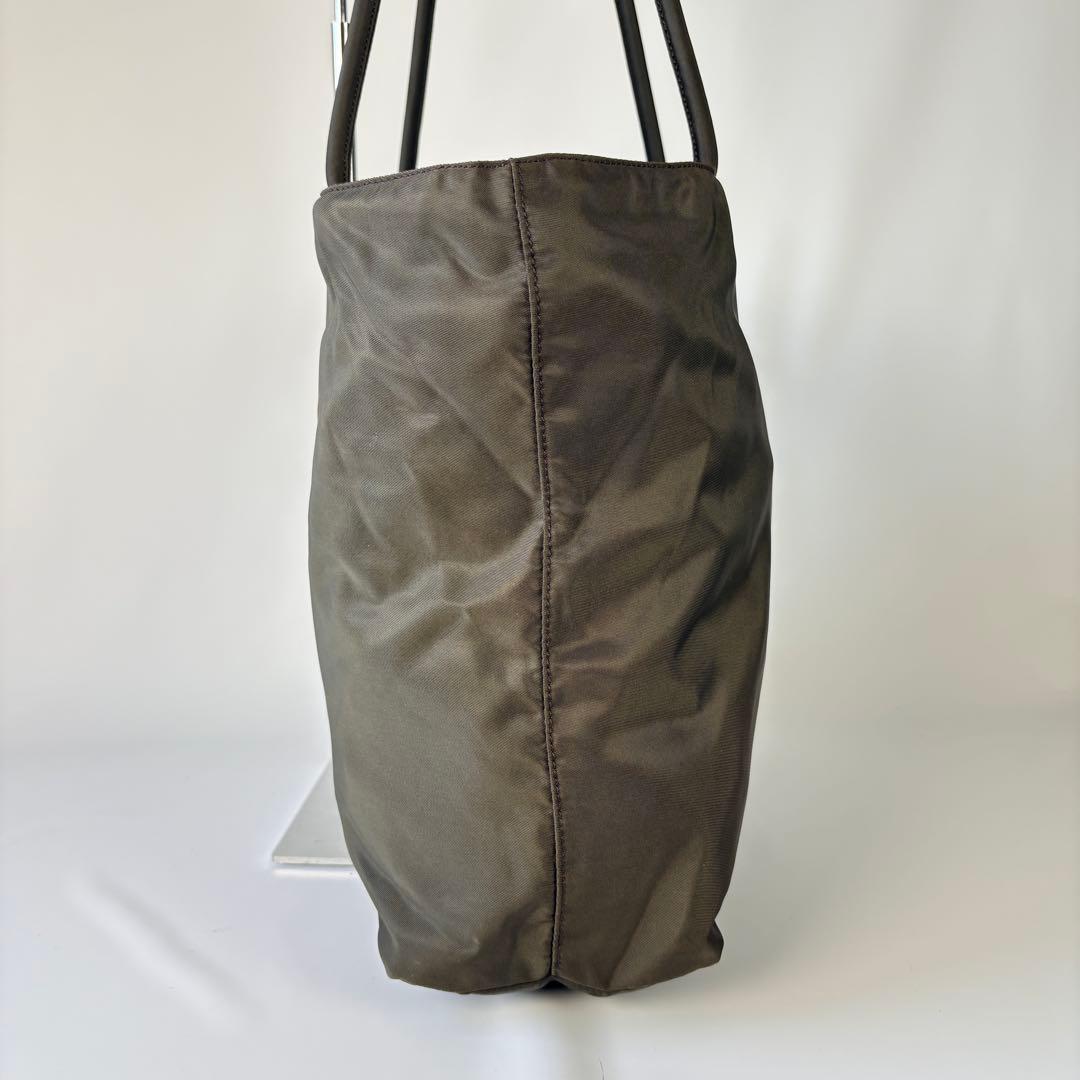 PRADA ナイロン トートバッグ ハンドバッグ カーキ　ブラウン　大容量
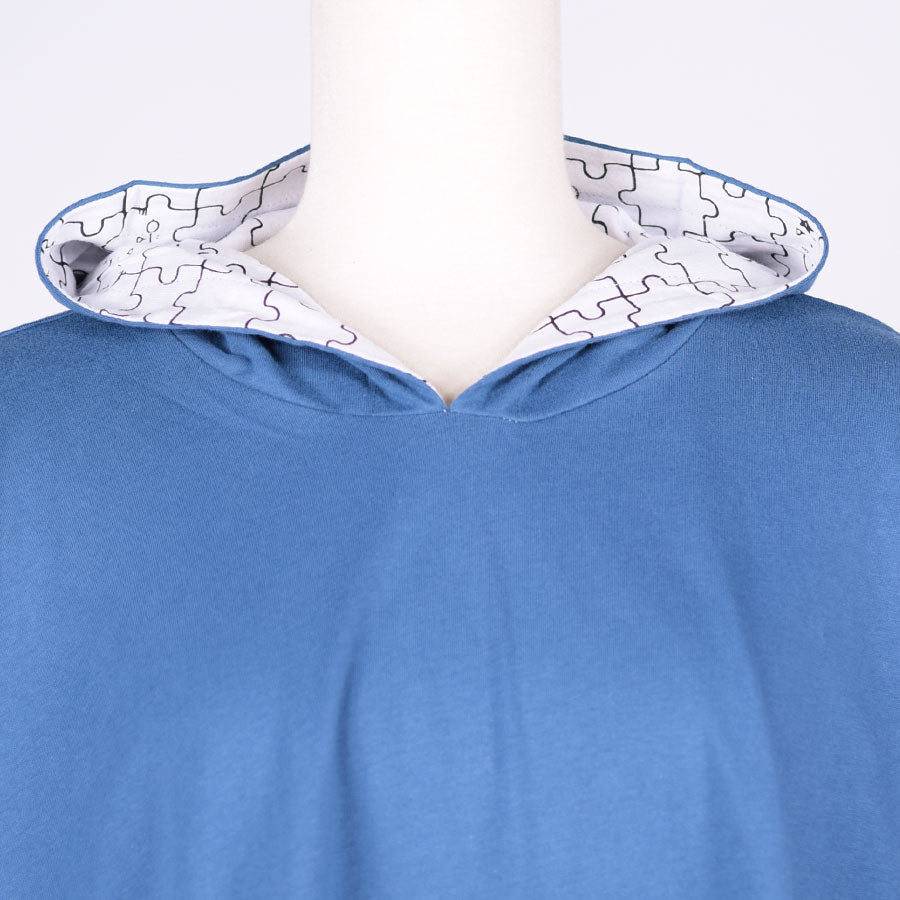 MINT NeKO Big Sleeve Poncho Hoodie / BL-BK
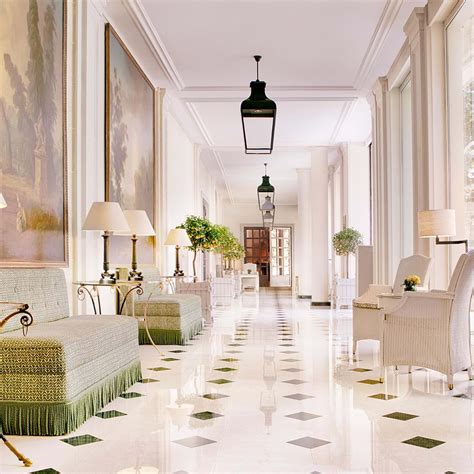 le bristol paris hotel de luxe  etoiles paris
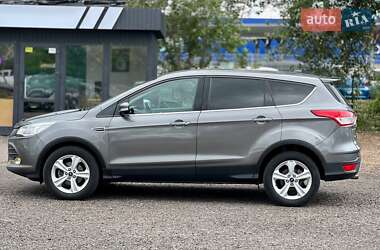Внедорожник / Кроссовер Ford Escape 2013 в 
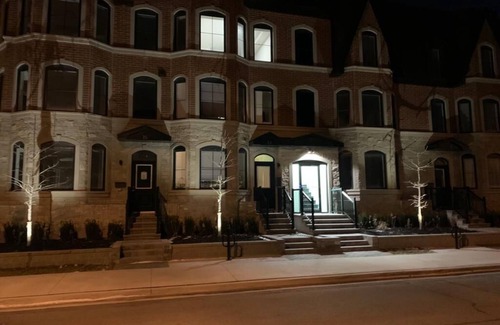 The Danforth Apartamento | Quite and clean spot at the heart of Greek Town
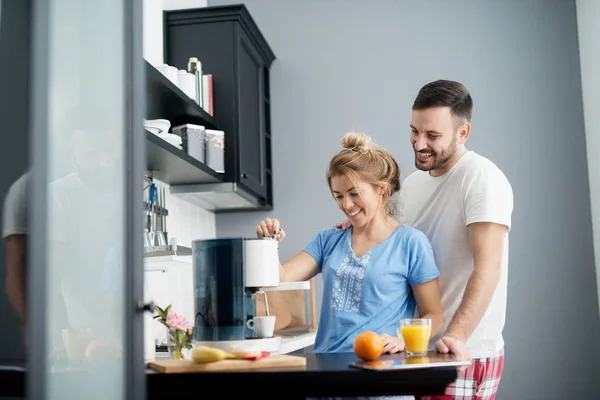 一緒にキッチンに立って コーヒーを作る魅力的な夫婦の笑顔 — ストック写真
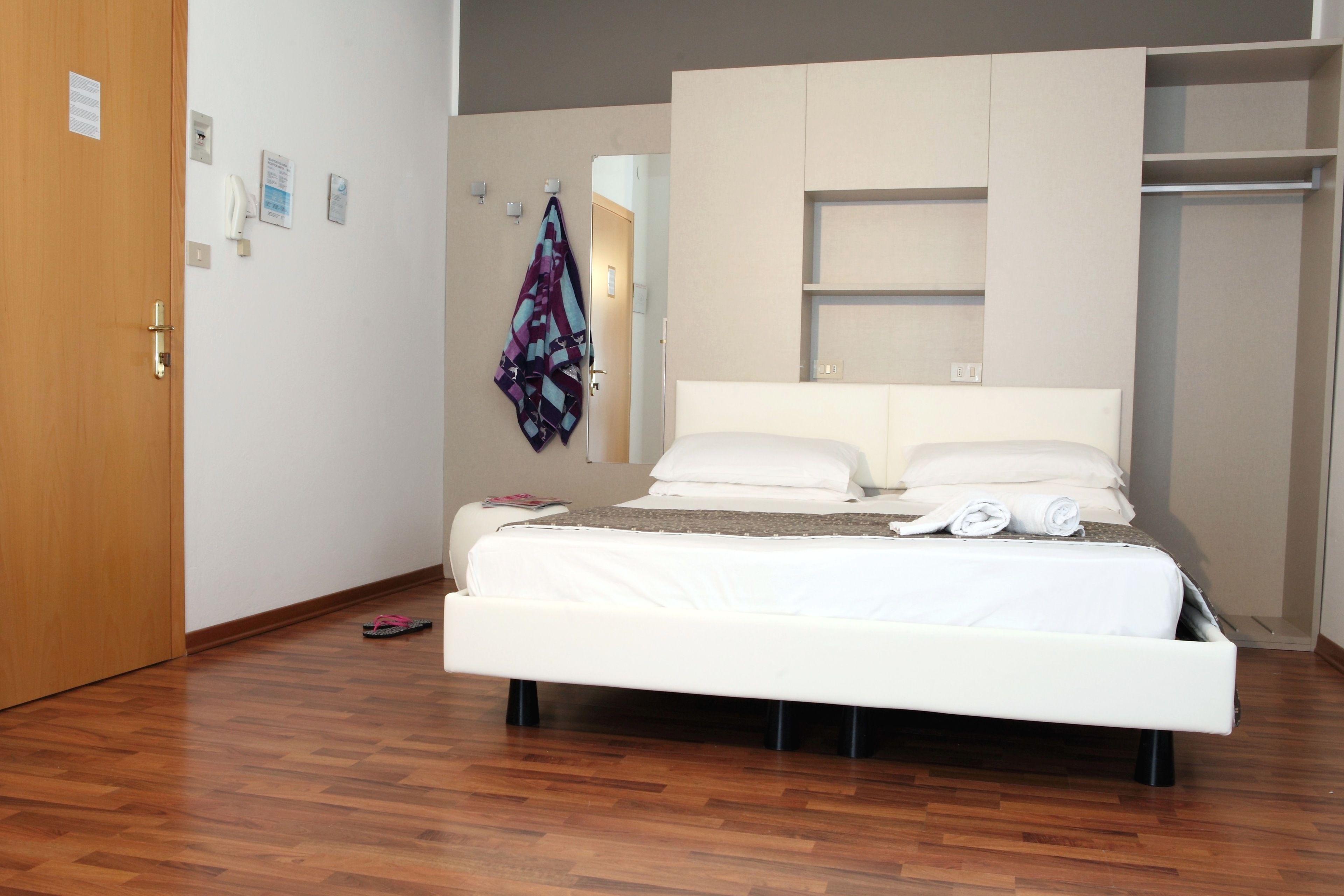 Hotel Columbia&ninfea 3*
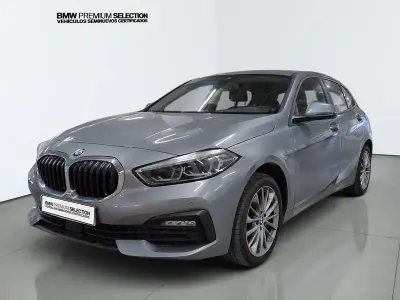 Usado BMW 118 Comfort Edition 136 CV (100 kW) 2024 Gris / plata Utilitario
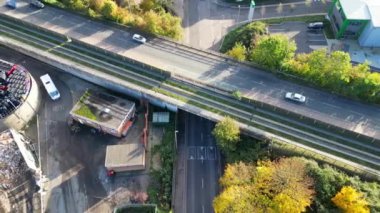 Luton ve Dunstable Şehri Sınır Bölgesi 'nin Güzel Görüntüleri. Görüntü İHA 'nın Kamerasıyla 3 Kasım 2023' te Güneşli ve Rüzgarlı bir günde çekildi.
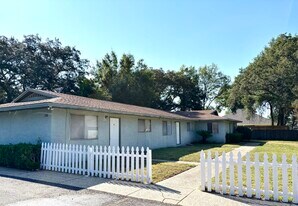 322 Pelham Rd in Fort Walton Beach, FL - Building Photo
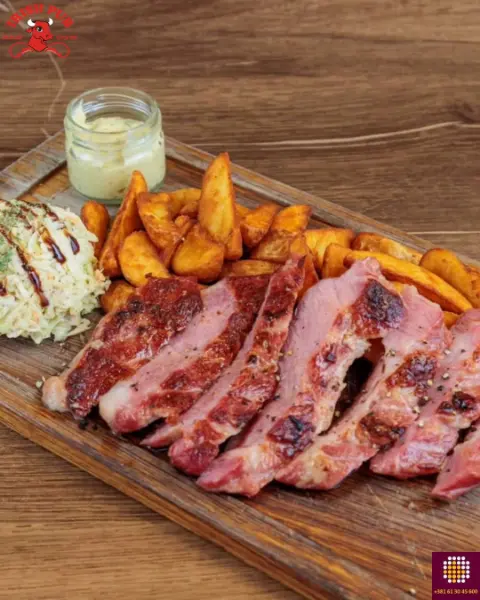 Ukusno jelo servirano na drvenom pladnju, specijalitet Irish pub red cow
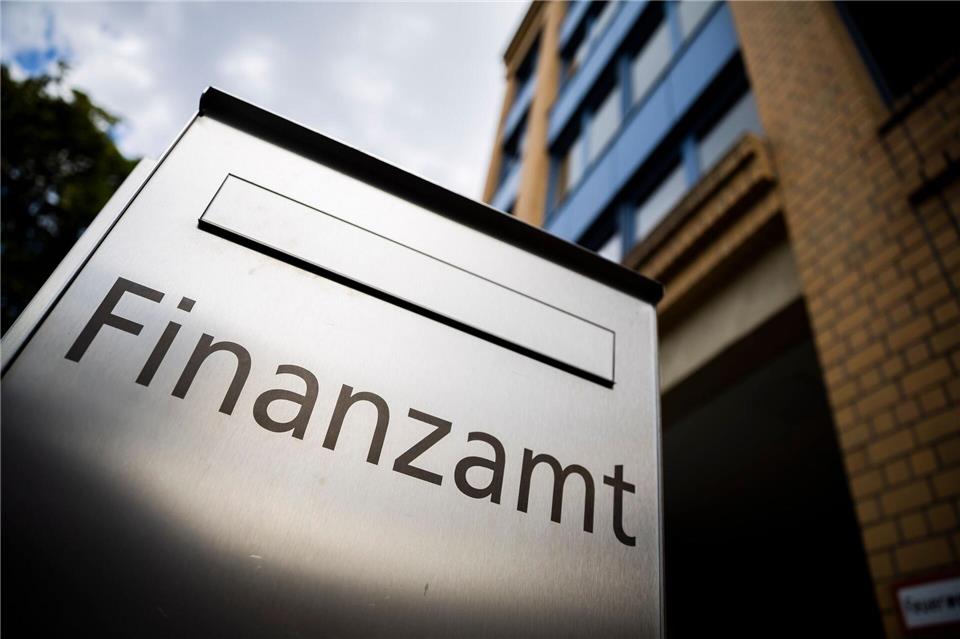 Bei Betriebsprüfungen von Finanzbeamten soll es künftig in Thüringen zu weniger Konfrontation kommen picture alliance/dpa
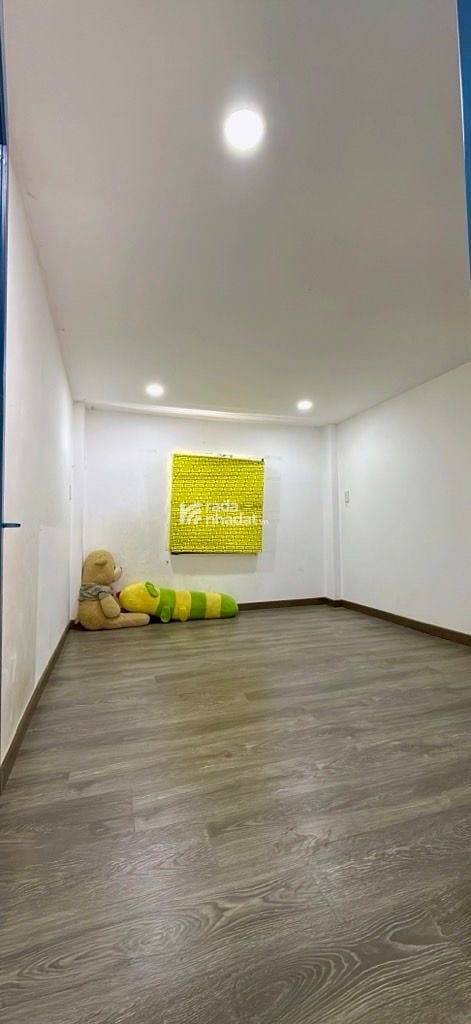 dt 3 x 10 đúc lửng đẹp kiên cố Kế bên siêu thị Aeon Mail  -Gần chợ  , nhà thờ , Trường học 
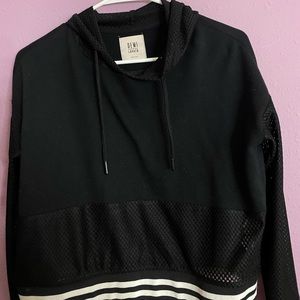 Demi lavato fabletics collection size small black crop top with mesh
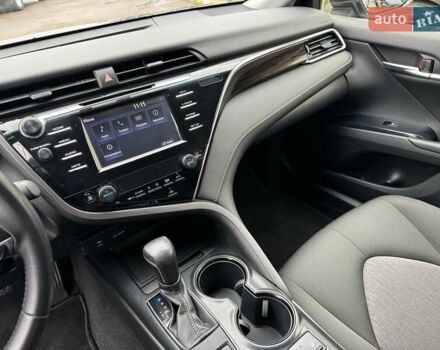 Чорний Тойота Камрі, об'ємом двигуна 2.49 л та пробігом 148 тис. км за 19800 $, фото 14 на Automoto.ua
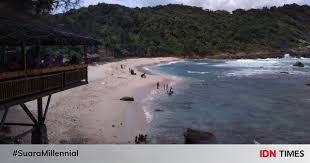 Pantai lampuuk yang sudah menjadi destinasi wisata pilihan masyarakat aceh, begitu juga dengan pantai momong. Pantai Momong Kepingan Surga Yang Tersembunyi Di Aceh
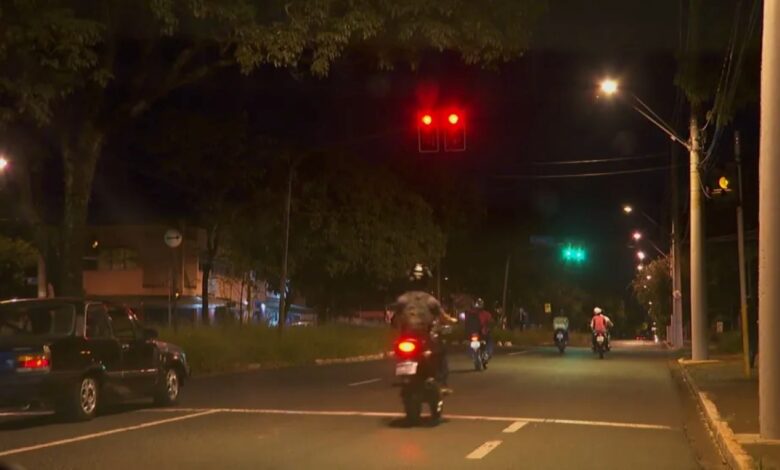 Maceió autoriza avanço em sinal vermelho durante a madrugada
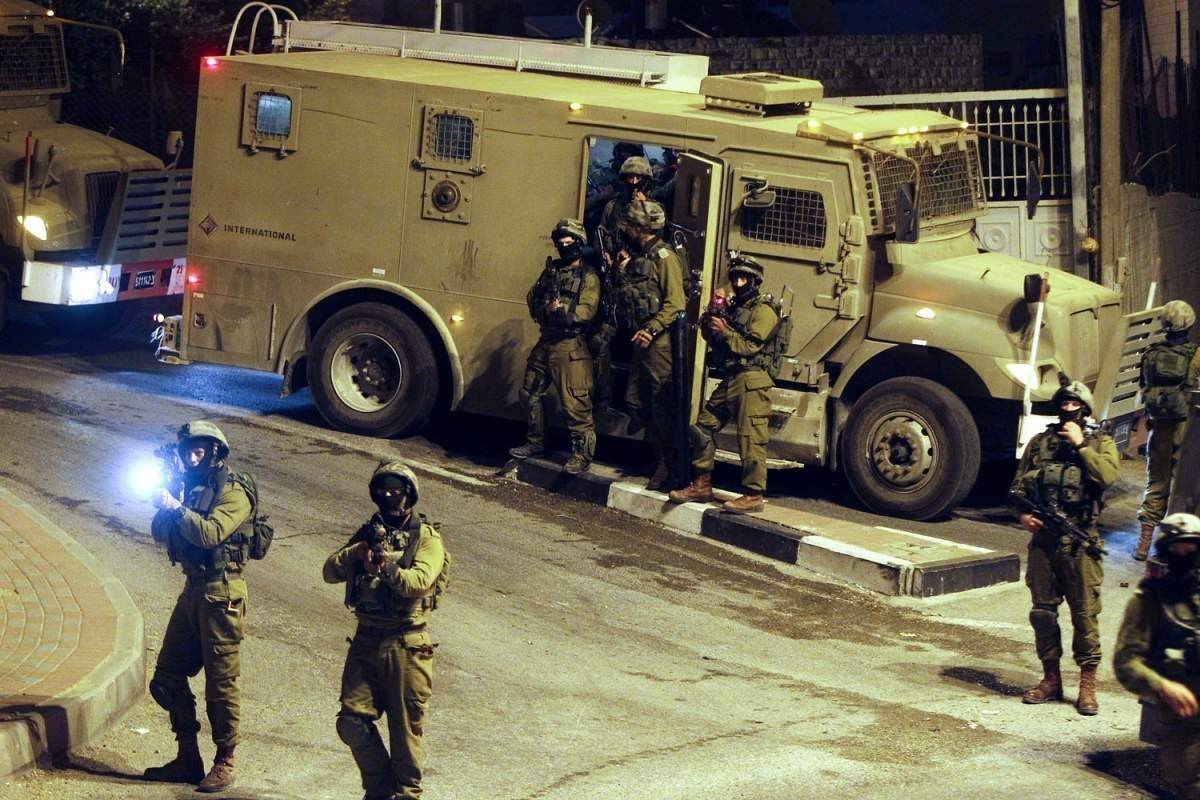 Israeli occupation forces storming a Palestinian camp (Archive)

————

WHAT YOU NEED TO DO
Excluding every picture, set down the listing exactly.

RESULT OF THE EXERCISE
 PRADA ナイロン トートバッグ ハンドバッグ カーキ　ブラウン　大容量
 MINT NeKO Big Sleeve Poncho Hoodie / BL-BK
 le bristol paris hotel de luxe  etoiles paris
Внедорожник / Кроссовер Ford Escape 2013 в 
 The Danforth Apartamento | Quite and clean spot at the heart of Greek Town
 一緒にキッチンに立って コーヒーを作る魅力的な夫婦の笑顔 — ストック写真
 Hotel Columbia&ninfea 3*
 Usado BMW 118 Comfort Edition 136 CV (100 kW) 2024 Gris / plata Utilitario
 Luton ve Dunstable Şehri Sınır Bölgesi 'nin Güzel Görüntüleri. Görüntü İHA 'nın Kamerasıyla 3 Kasım 2023' te Güneşli ve Rüzgarlı bir günde çekildi.
 322 Pelham Rd in Fort Walton Beach, FL - Building Photo
 Ukusno jelo servirano na drvenom pladnju, specijalitet Irish pub red cow
 Bei Betriebsprüfungen von Finanzbeamten soll es künftig in Thüringen zu weniger Konfrontation kommen picture alliance/dpa
 dt 3 x 10 đúc lửng đẹp kiên cố Kế bên siêu thị Aeon Mail  -Gần chợ  , nhà thờ , Trường học 
 Demi lavato fabletics collection size small black crop top with mesh
 Чорний Тойота Камрі, об'ємом двигуна 2.49 л та пробігом 148 тис. км за 19800 $, фото 14 на Automoto.ua
 Pantai lampuuk yang sudah menjadi destinasi wisata pilihan masyarakat aceh, begitu juga dengan pantai momong. Pantai Momong Kepingan Surga Yang Tersembunyi Di Aceh
 Maceió autoriza avanço em sinal vermelho durante a madrugada
 Israeli occupation forces storming a Palestinian camp (Archive)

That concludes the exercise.